A big bulk uploading ..!

Hey , am in job for uploading big excel sheet into database. Am creating an API for that using rest_framework and am using pandas to read file request. my problem is that it takes long time than normal time. It takes more than 20 min to create half of excel sheet. I know that time complexity is too bad. but what can i actually do with these large excel sheet upload. I also need to do some other database query while creating model instances. Here , Am using a loop to create model instance from excel sheet in a row wise.

I tried a lot with multiprocessing and other like parallel job from joblib, but still not working. Actually I need a help.
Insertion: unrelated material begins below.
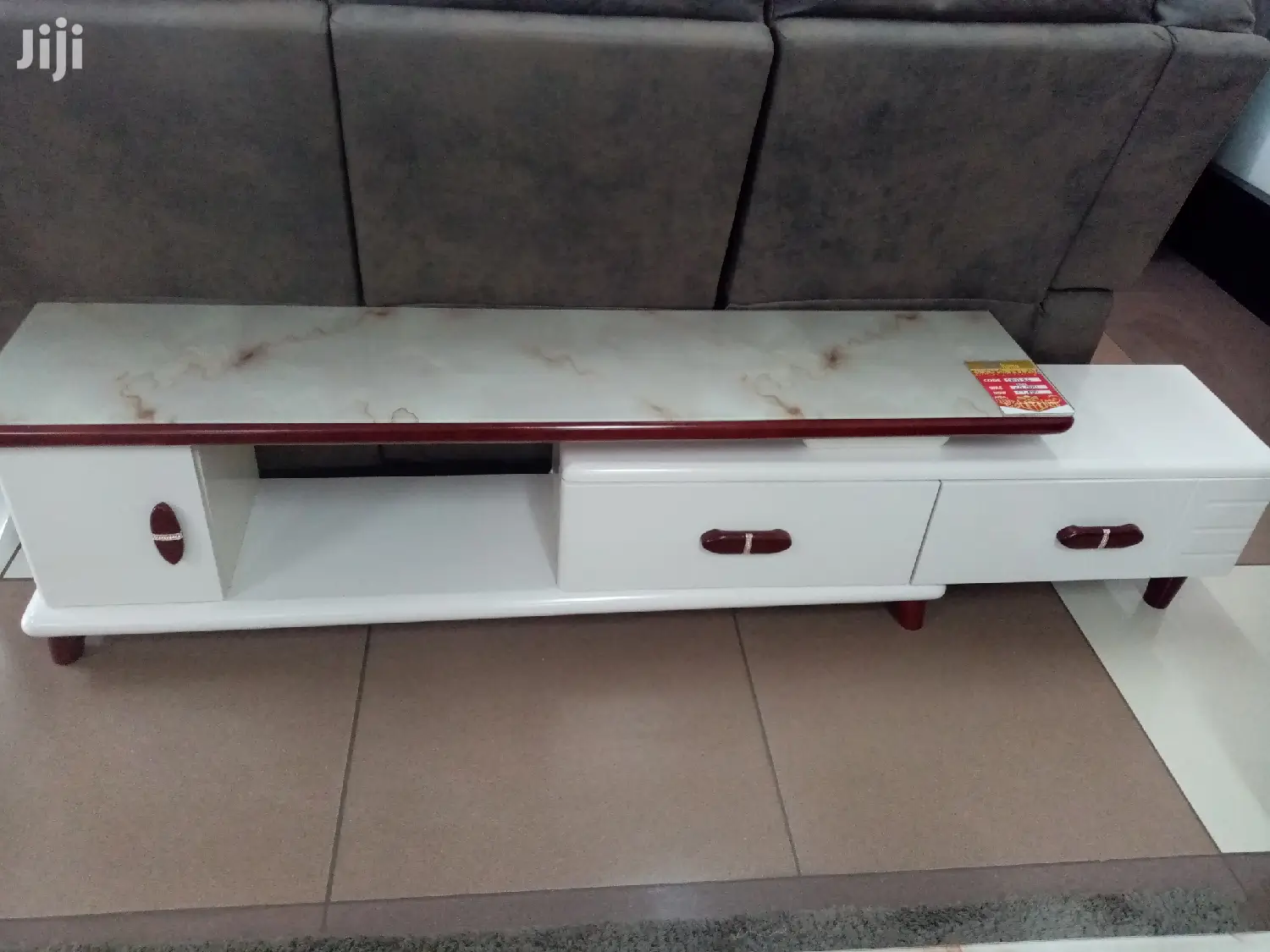 Executive Extendable TV Stand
Anyone please help me to solve this.

Have you tried using celery?

not yet , instead of thinking about celery can we use batch processing

What do you mean by that?

multiprocessing and parallel programming

That’s actually what celery does for you (plus a number of other things as well).
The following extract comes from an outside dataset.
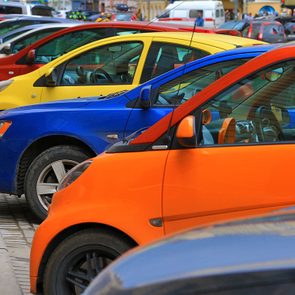 Comment la couleur de sa voiture peut affecter les risques d’accident?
@rohitbrleaf, which method did you use in the end that produces the best performance?

Context

  1. Using a simple for loop on the pandas dataframe
  2. I am currently uploading data using django ORM
  3. Each object has 9 other foreign keys, 1 manytomany and 1 image upload
  4. My local pc and the AWS EC2 Django + Postgres are located at opposite side of the world
  5. My internet download and upload speed is ~900mbps (measured by google), likely faster than my AWS EC2 network speed.

Performance

Originally each object creation takes an average of 25 secs (latency due to distance, if I write to local Django + Postgres, it’s blazing fast).

After I replace update_or_create with create, drop to roughly 16 secs.

It will take me months to fully upload all data at current performance

Approaches

  1. bulk_create: since my objects has so many relationship, I think shouldn’t use this based on the caveats (QuerySet API reference | Django documentation | Django)
  2. acreate: I think async won’t help in object creation since it’s bottleneck by my simple for loop?
  3. multiprocessing: seems promising, unlike bulk_create, I can picture each process will handle the object and relations in 1 flow. Even if I use 23 processes (23 threads), I think django should be able to handle 23 connections in parallel?
  4. celery: I wonder if this is overkill, because this data upload is a 1 time job, and the source data is send from my local pc to the remote server

@KenWhitesell, how would you do it? Use celery?